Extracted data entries

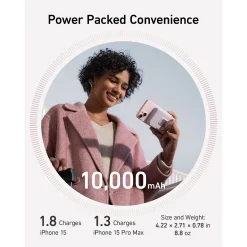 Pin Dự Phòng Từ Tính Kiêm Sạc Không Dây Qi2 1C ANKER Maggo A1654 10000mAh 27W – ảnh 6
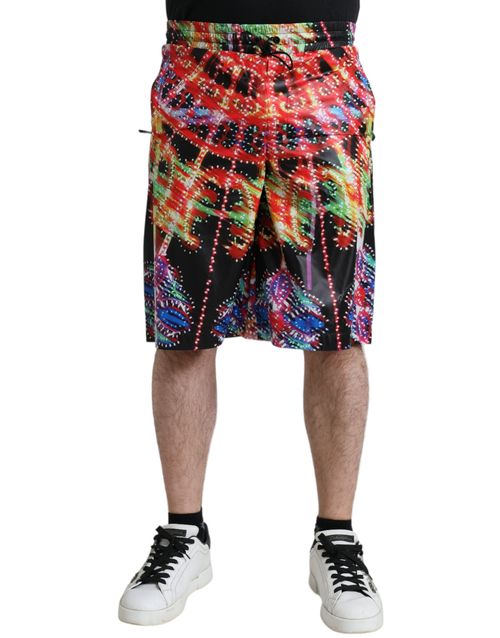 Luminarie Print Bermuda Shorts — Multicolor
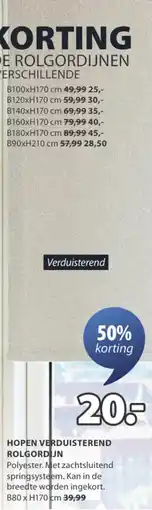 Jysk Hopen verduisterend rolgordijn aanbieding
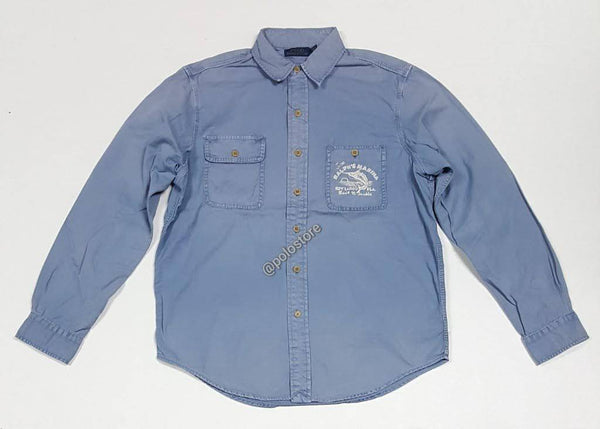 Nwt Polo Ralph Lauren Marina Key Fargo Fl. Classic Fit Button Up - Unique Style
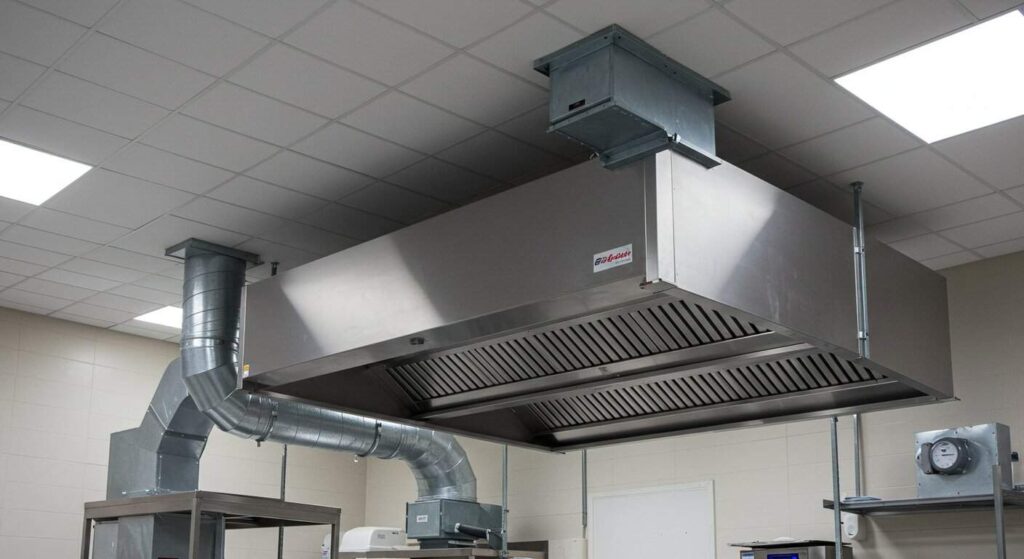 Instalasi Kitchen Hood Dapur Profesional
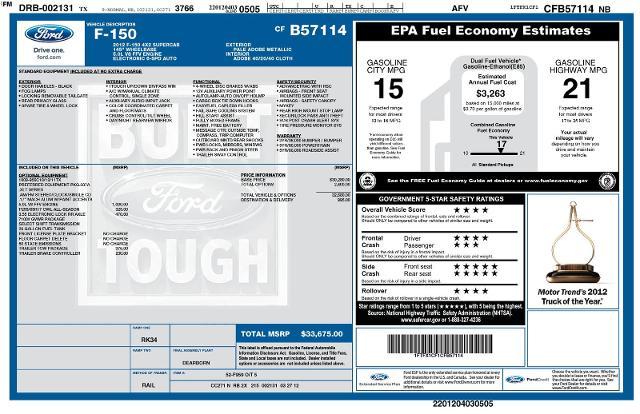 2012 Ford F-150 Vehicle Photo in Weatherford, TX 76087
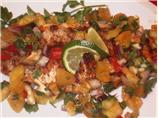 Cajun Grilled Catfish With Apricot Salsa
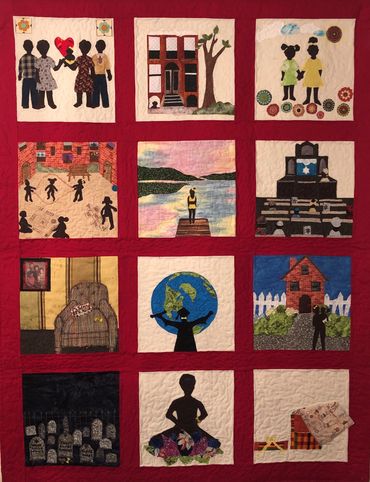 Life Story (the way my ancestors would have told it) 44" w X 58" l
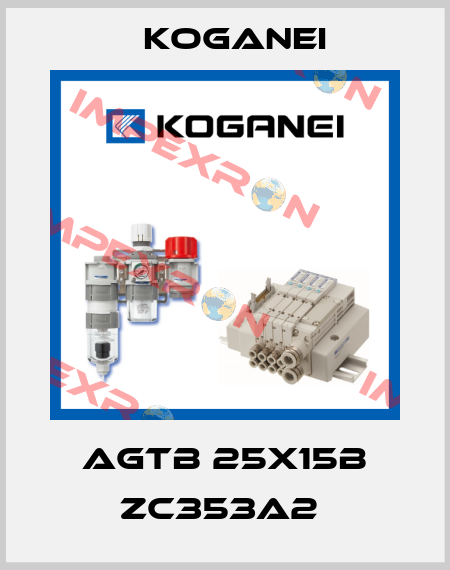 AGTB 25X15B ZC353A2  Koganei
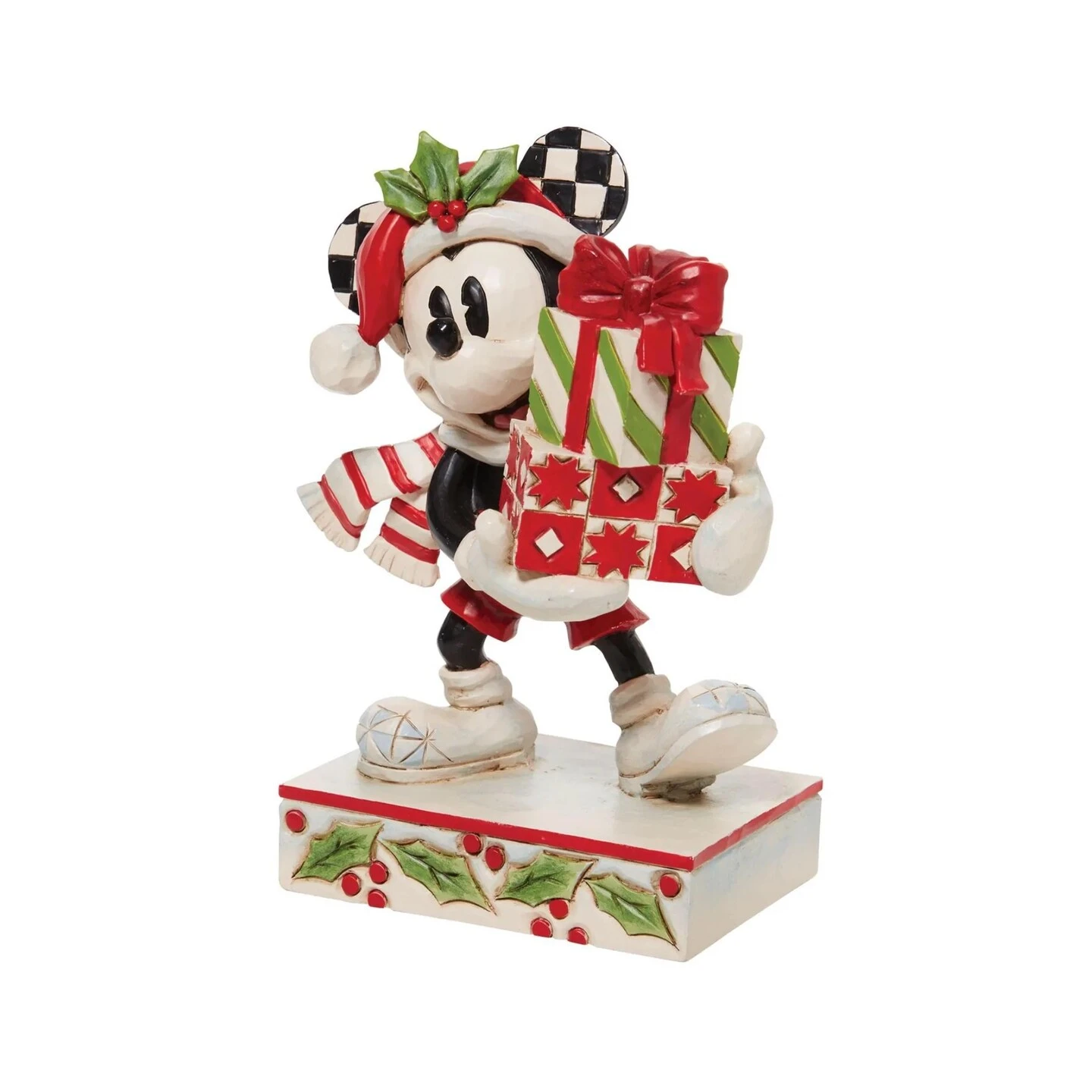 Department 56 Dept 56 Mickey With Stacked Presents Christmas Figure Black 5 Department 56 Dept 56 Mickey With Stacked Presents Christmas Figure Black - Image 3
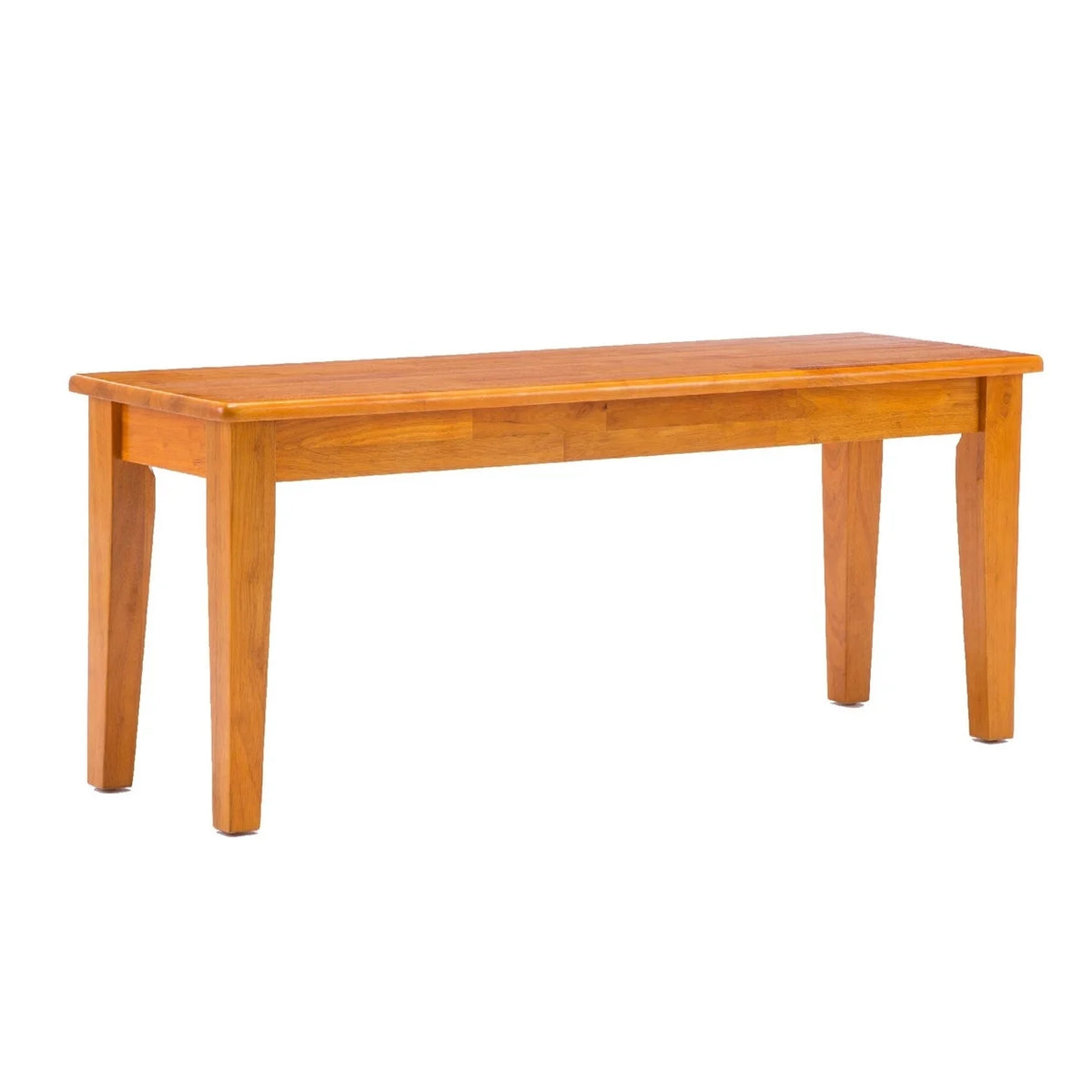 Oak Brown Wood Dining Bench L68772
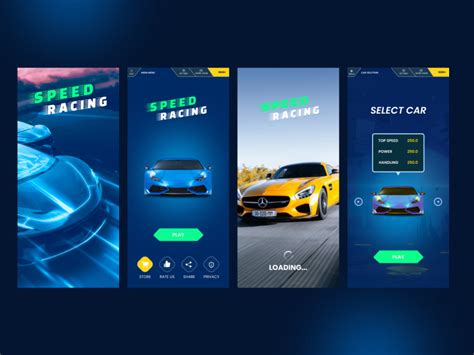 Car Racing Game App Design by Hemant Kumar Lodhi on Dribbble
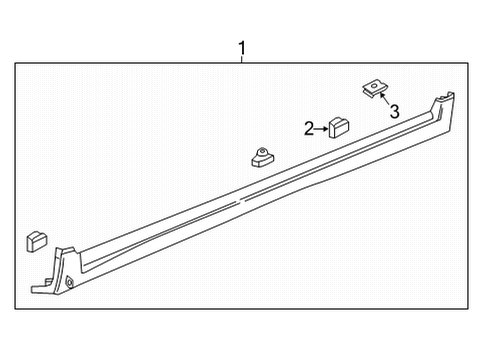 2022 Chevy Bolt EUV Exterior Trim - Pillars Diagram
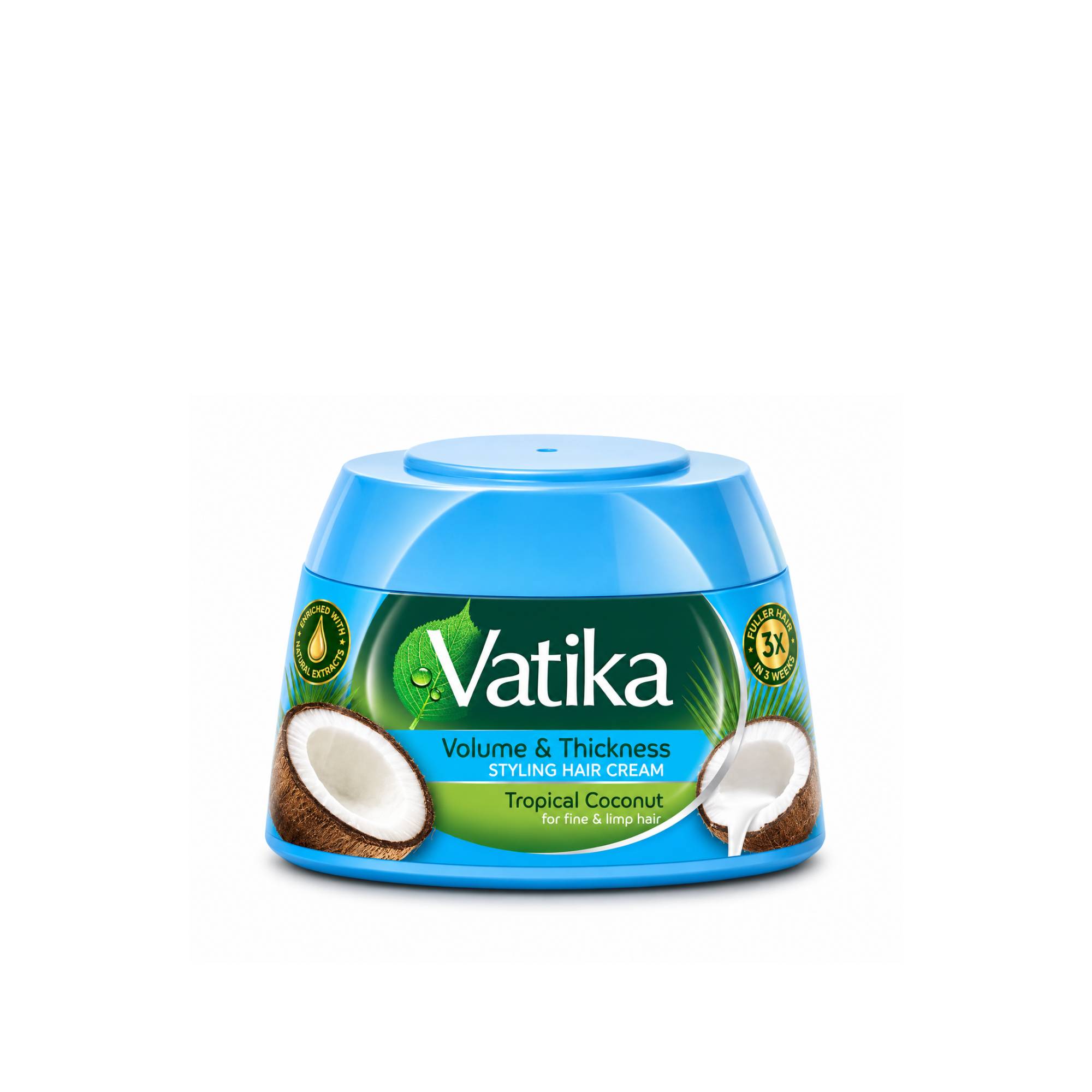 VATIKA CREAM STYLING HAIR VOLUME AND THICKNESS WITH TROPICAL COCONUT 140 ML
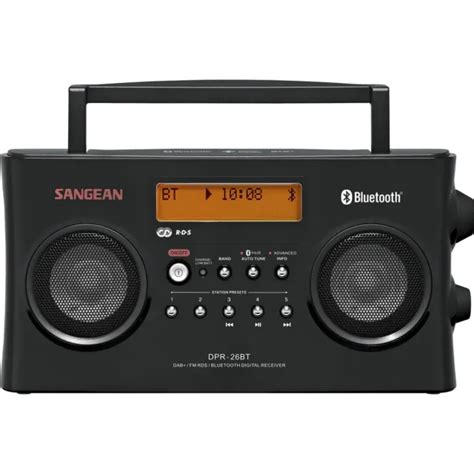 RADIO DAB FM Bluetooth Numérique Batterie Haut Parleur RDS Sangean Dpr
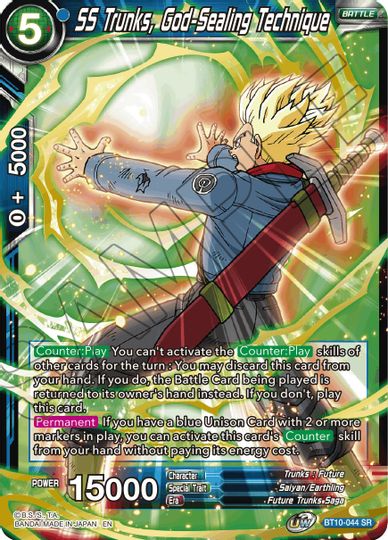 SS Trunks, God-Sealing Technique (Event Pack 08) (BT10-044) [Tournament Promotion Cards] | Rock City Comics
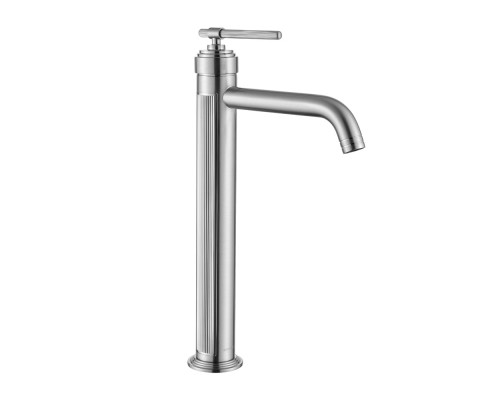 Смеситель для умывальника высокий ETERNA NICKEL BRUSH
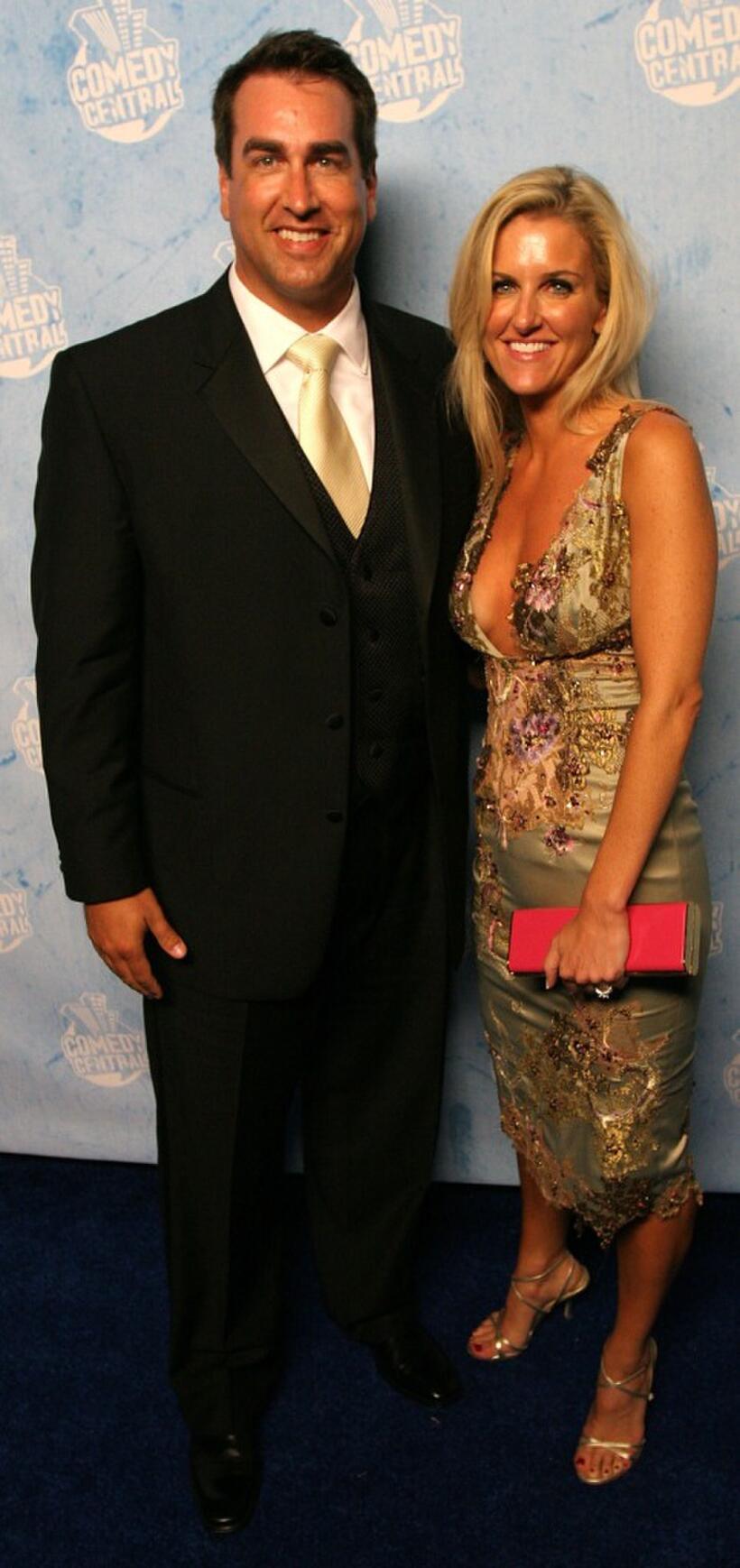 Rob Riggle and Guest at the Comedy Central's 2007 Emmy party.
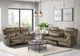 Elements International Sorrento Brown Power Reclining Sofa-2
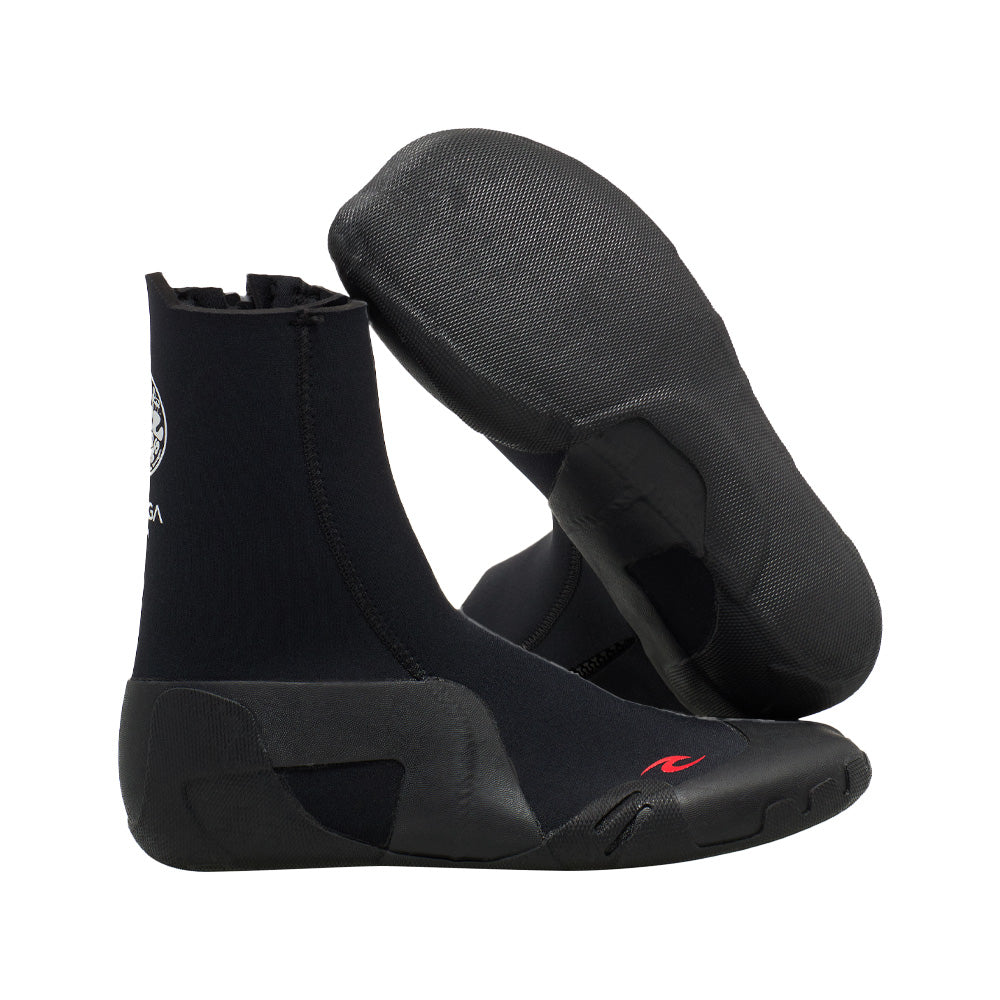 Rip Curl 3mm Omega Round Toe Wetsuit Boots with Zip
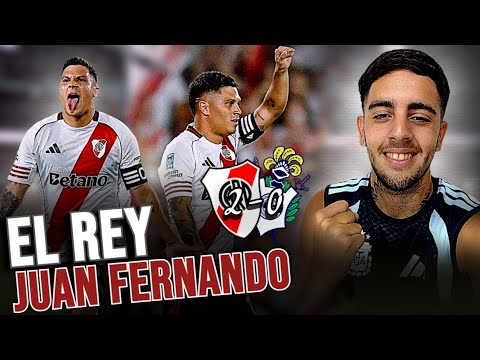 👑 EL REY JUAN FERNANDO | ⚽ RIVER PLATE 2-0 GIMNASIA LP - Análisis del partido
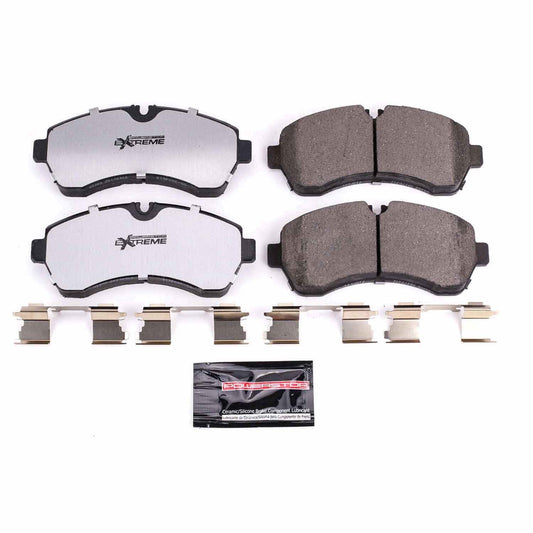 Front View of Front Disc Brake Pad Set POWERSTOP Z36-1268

WORK TASK —
Once you find the line that contains "VATIKA CREAM STYLING", reproduce it and every line after it through the end of the entries above, exactly as written, with no pictures.

EXERCISE SOLUTION —
 VATIKA CREAM STYLING HAIR VOLUME AND THICKNESS WITH TROPICAL COCONUT 140 ML
 RADIO DAB FM Bluetooth Numérique Batterie Haut Parleur RDS Sangean Dpr
 SS Trunks, God-Sealing Technique (Event Pack 08) (BT10-044) [Tournament Promotion Cards] | Rock City Comics
 Смеситель для умывальника высокий ETERNA NICKEL BRUSH
 Rob Riggle and Guest at the Comedy Central's 2007 Emmy party.
 Elements International Sorrento Brown Power Reclining Sofa-2
 Rip Curl 3mm Omega Round Toe Wetsuit Boots with Zip
 👑 EL REY JUAN FERNANDO | ⚽ RIVER PLATE 2-0 GIMNASIA LP - Análisis del partido
 Front View of Front Disc Brake Pad Set POWERSTOP Z36-1268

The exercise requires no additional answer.